# Problem requirements
Required from the data below: the exact lines starting at the line containing "Ray Pickard's Drawing" and ending at the line containing "Black jeweled Stiletto Pump", with both ends kept and all pictures dropped.

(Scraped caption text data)
/---
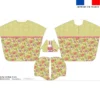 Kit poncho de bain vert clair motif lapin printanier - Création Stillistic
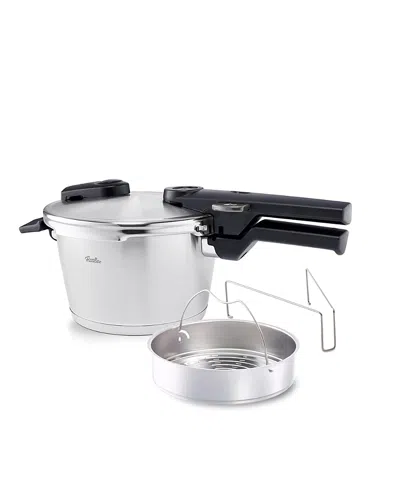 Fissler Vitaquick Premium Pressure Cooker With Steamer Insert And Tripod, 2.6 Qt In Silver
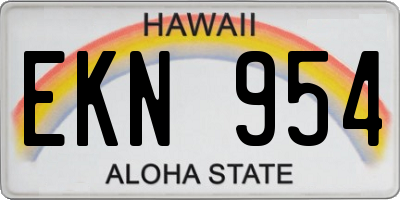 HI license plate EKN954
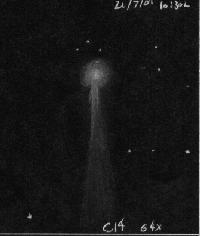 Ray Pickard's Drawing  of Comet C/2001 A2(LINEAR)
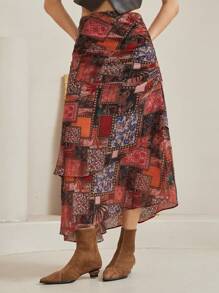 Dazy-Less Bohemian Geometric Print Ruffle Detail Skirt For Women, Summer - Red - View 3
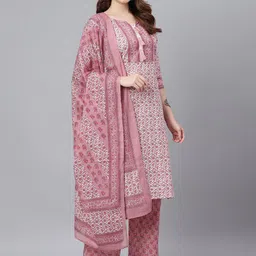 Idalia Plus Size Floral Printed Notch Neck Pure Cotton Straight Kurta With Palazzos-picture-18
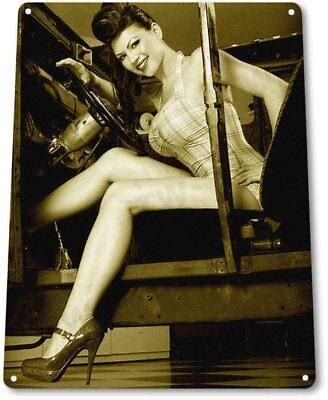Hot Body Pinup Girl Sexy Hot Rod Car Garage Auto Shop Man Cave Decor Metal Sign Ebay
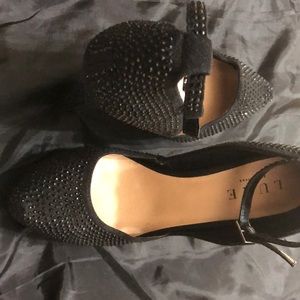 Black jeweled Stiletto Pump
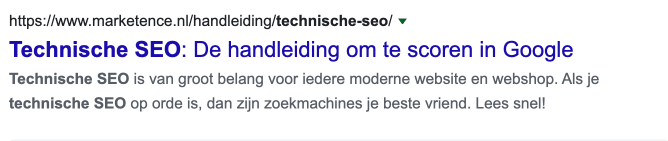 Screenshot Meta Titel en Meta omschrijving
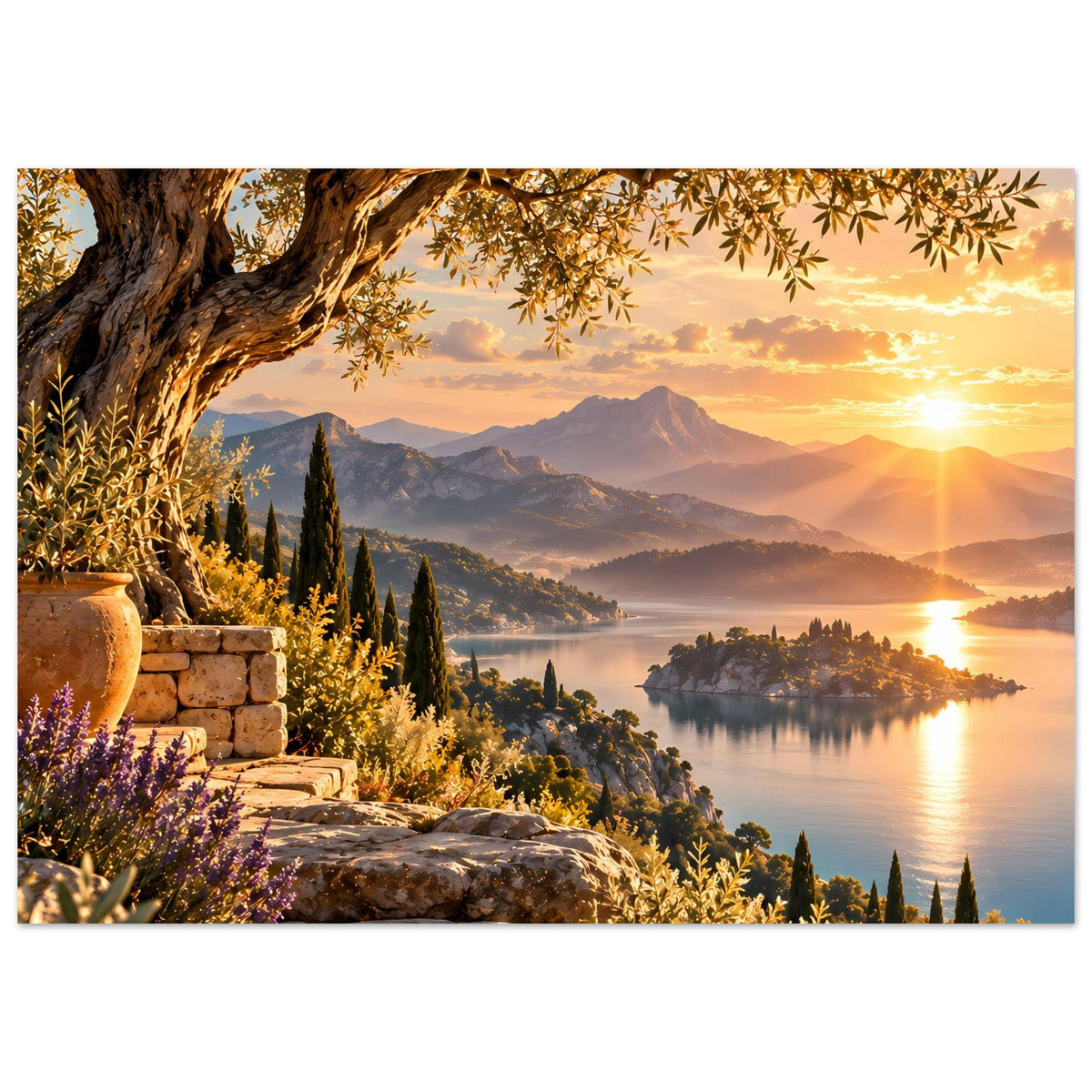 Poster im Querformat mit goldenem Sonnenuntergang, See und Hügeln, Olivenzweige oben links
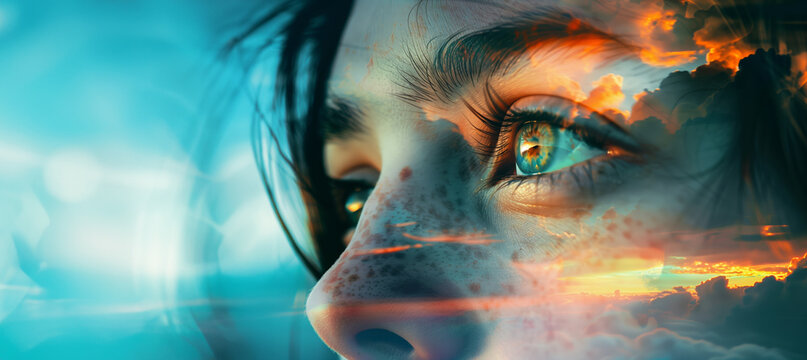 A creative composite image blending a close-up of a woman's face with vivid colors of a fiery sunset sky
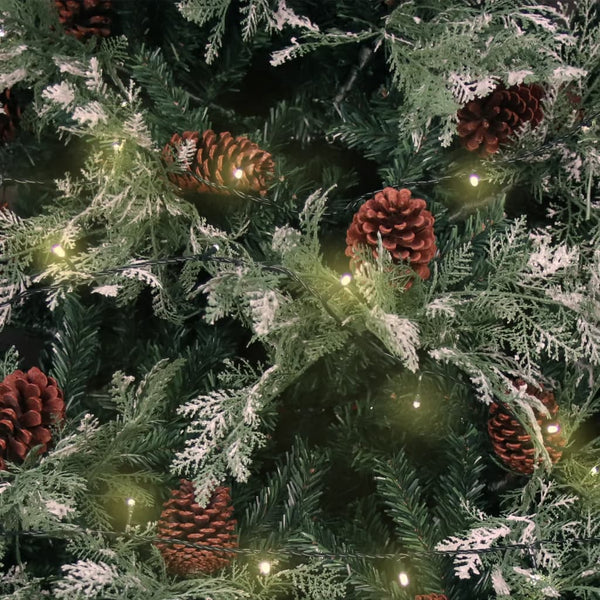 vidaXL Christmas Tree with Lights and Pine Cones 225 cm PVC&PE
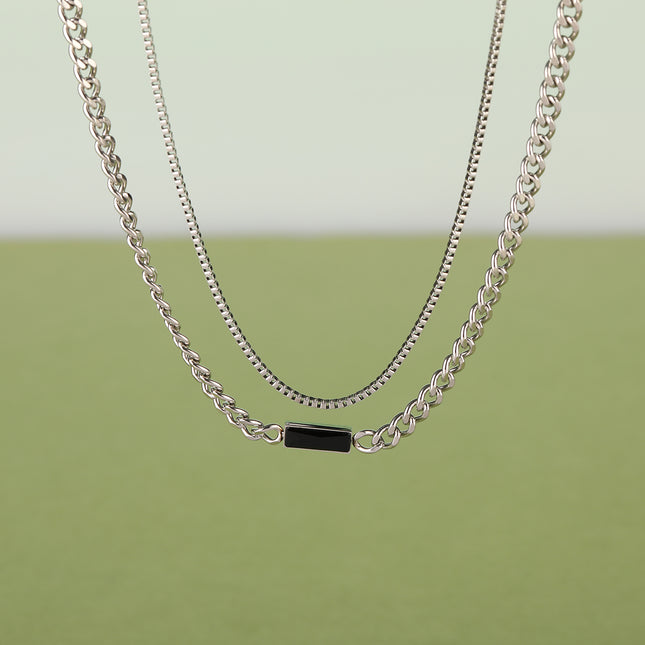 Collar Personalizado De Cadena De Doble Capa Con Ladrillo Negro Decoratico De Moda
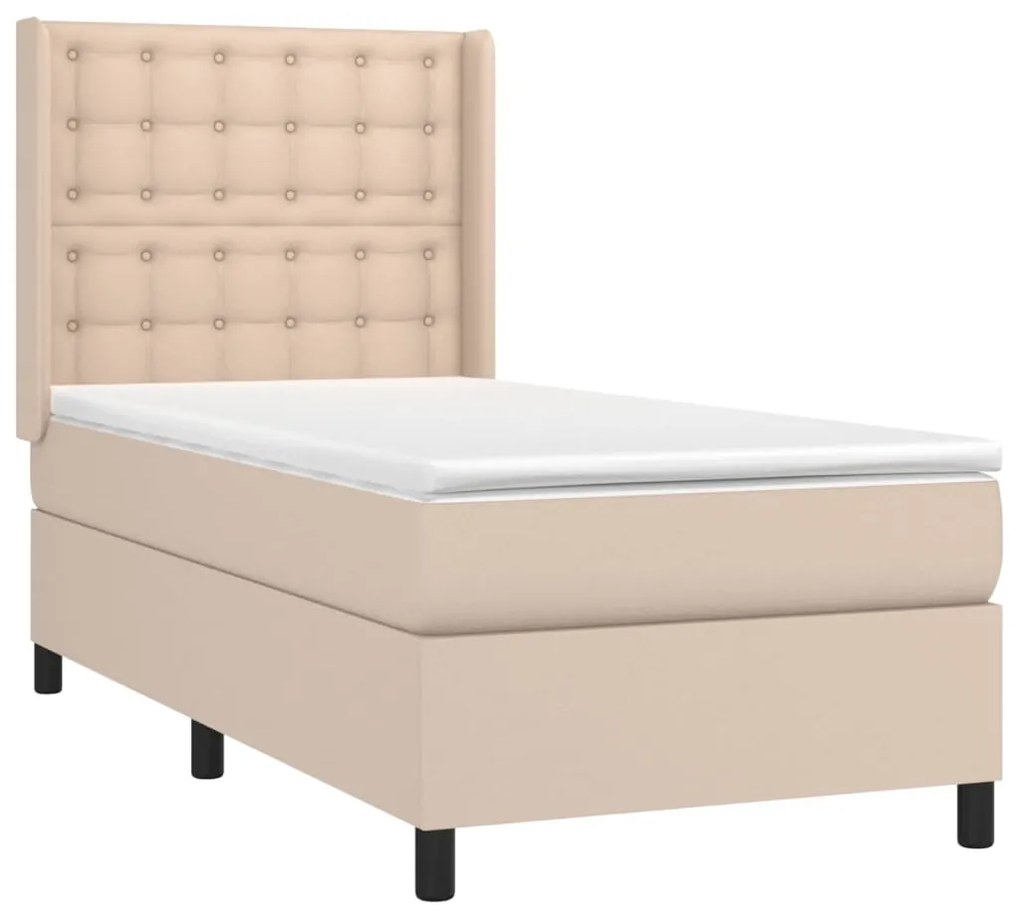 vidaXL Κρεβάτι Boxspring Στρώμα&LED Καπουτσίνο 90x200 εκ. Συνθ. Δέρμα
\---
# Completed task
 Ray Pickard's Drawing  of Comet C/2001 A2(LINEAR)
 Dazy-Less Bohemian Geometric Print Ruffle Detail Skirt For Women, Summer - Red - View 3
 Idalia Plus Size Floral Printed Notch Neck Pure Cotton Straight Kurta With Palazzos-picture-18
Hot Body Pinup Girl Sexy Hot Rod Car Garage Auto Shop Man Cave Decor Metal Sign Ebay
 Black jeweled Stiletto Pump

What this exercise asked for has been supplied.